OVERVIEW: The New York Times may be the company's vaunted flagship, but the newspaper's smaller cousin, The Boston Globe, has drawn the most attention recently. The Globe's largest union finally voted to accept wage and benefit concessions Monday after months of back-and-forth.
The Boston Newspaper Guild, representing 700 editorial, advertising and business employees, accepted a pay reduction of nearly 6 percent, plus unpaid furloughs, a freeze on pensions, lower health-care benefits and the loss of lifetime job guarantees. Those steps should bring costs down by $10 million. The deal comes after union members rejected a similar contract and the Times Co. imposed a 23 percent wage cut.
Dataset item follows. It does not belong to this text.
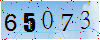 驗證碼為65073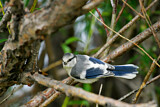 Image. Azure Tit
The negotiations were critical for the Times Co., which is expecting $85 million in losses at the Globe this year. The $10 million in cuts approved Monday brings total concessions from Globe unions to $20 million. The cuts should make it easier for the Times Co. to find a potential buyer for the newspaper.
But that will not solve all the company's problems.
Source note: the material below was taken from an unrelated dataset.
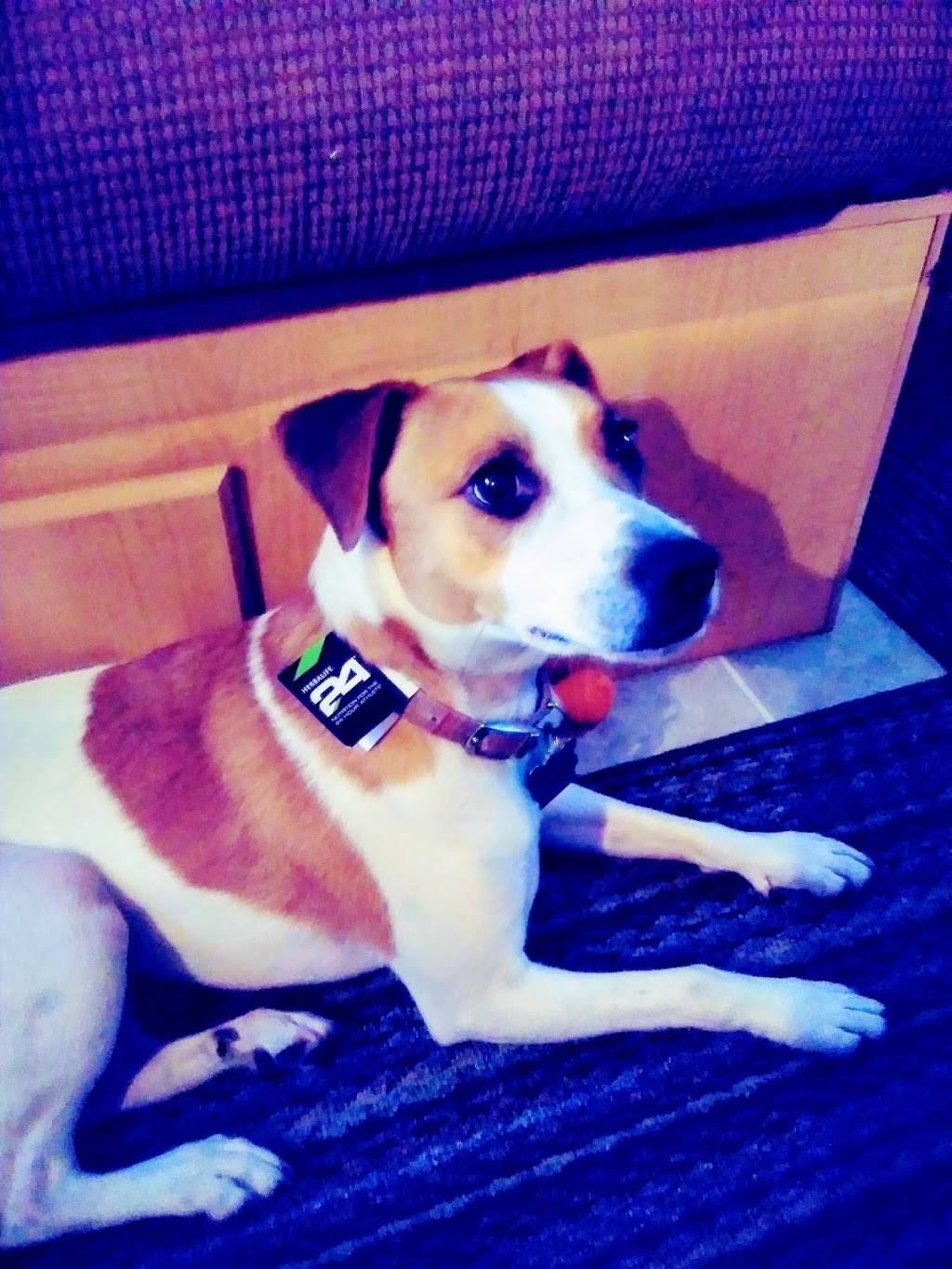 Independent Herbalife Distributor | restaurant | Eaton Rapids, MI, USA | 5179754550 OR +1 517-975-4550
The Times Co.'s flagship newspaper faces the same staggering declines in ad revenue that have stung the rest of the newspaper industry. Readers are choosing free news on the Internet and advertisers have followed. But Web ads remain stubbornly cheap, amounting to only a small fraction of most newspapers' revenue.
To raise cash, the company has been selling assets. It announced last week that it is getting out of the radio business, selling classical music station WQXR-FM for $45 million. It is also exploring the sale of its 17.5 percent stake in the Boston Red Sox.
Most employees of the flagship newspaper have had their pay cut by 5 percent through the end of the year to trim costs.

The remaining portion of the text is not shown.